Biloxi Blues, a Neil Simon play performed by Yeshiva College Dramatics Society (YCDS) this spring, tells of the events that unfold after Eugene Morris Jerome, a young man from Brooklyn, enlists in the army at the end of World War Two. Eugene faces many challenges—a difficult commanding officer and social issues within his platoon—all while trying to pursue his passions and dreams. The play highlights deceit, bravery and sacrifice, and contains scenes that deal with deeper themes, like anti-Semitism and homosexuality. “I like to choose plays with substance, and this one definitely deals with issues still relevant today,” said Lin Snider, who has directed at YCDS for thirteen years.
The play is an ensemble, featuring several central actors. The opening scene dives straight into the action, with a group of newly recruited soldiers traveling to a boot camp in Biloxi for training. The humor between the men is instantly present as they joke and tease each other, all while Eugene is occasionally highlighted by spotlight to narrate and describe each of the characters, as he continues to do throughout the play.
Ezra Felder, a sophomore in his first year on campus, perfectly captured the innocence and naïveté of the young and inexperienced Eugene as a first time recruit in a large war. He captured the hope and idealism of a young boy in search of glory and love. Felder’s strongest moments were his spotlight soliloquies, in which the stage went dark and the light focused on him as he beautifully expressed either his feeling about a situation or background information about a character or scene.
The men arrive on base and are greeted by Sergeant Merwin J. Toomey (Yaacov Siev). Siev captures the commanding nature and aggressive persona of Toomey’s character, who effectively torments the new soldiers. He shouts into the faces of his men, commands 200 pushups from each of them and forces them to eat almost inedible food.
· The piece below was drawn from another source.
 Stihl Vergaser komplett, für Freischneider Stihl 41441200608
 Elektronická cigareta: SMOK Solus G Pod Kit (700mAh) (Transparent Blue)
Arnold Epstein (David Cutler) is the only member of the platoon to reckon with the harsh, commanding sergeant. The tension between these two characters escalates as Sergeant Toomey begins to feel threatened and undermined by the clever, challenging Epstein. The dynamic between these men creates a sense of anticipation and anxiety as the audience watches Epsteins’ defiance and Toomey’s dramatic reactions. The tension is tangible and captivating, and ultimately culminates in a final scene where Epstein is victorious over Sergeant Toomey. Cutler excellently captures the cunning and somewhat arrogant nature of Epstein. His intelligence is apparent everywhere and he finds success and accomplishment with his refusal to succumb and shrink beneath the disciplinary forces at play.
I found myself genuinely captivated throughout the play, eager to see the story unfold. Each scene consists of its own significant event, and the characters feed off of each other very naturally and engagingly, each with their own unique and interesting personalities and styles. Chaviva Freedman, stage manager for YCDS, said, “This play touches on moments all of us go through today—a group of people that face struggles and have to work things out.”